A sample of the survey data set is created using the above table itself. This data set will look as follows (example shown for 2 companies):
```{r survey, echo=FALSE}
survey <- data.frame(student.name = c(), company = c(), no.of.alumni = c())
for( i in 1:nrow(company.list)){
for(j in 1:company.list[i,]$no.of.students){
a <- data.frame(student.name = paste(company.list$company[i], 'employee', j),
company = company.list$company[i],
no.of.alumni = company.list[i,]$no.of.students)
survey <<- rbind(survey, a)
}
}
head(survey, 6)
```
Hinduja Global Services has one amrita student but Sonata Software employee has 5. So one student will report as 1 while 5 different students will report the number of alumni as 5.

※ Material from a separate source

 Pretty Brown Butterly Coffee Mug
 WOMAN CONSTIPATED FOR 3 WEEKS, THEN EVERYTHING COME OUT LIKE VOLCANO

The distribution of the responses of no.of.alumni and the mean will look as follows:
```{r survey-distribution, echo=FALSE, message=TRUE, warning=TRUE}
ggplot(survey,aes(x = no.of.alumni, y=..density..)) +
geom_histogram(bins = 50) +
labs(x = 'No of alumni', y='Density') +
theme_minimal()
```
```{r survey-mean, echo=FALSE, message=TRUE, warning=TRUE}
mean(survey$no.of.alumni)
```
From the survey I get that the average number of college mates that a student will have is 150. The estimate is biased upwards because the larger classes are over weighted in the average.
This paradox is called class size paradox.
The right estimate to use in the second case is called as the harmonic mean. While doing any survey, one should keep this paradox in mind.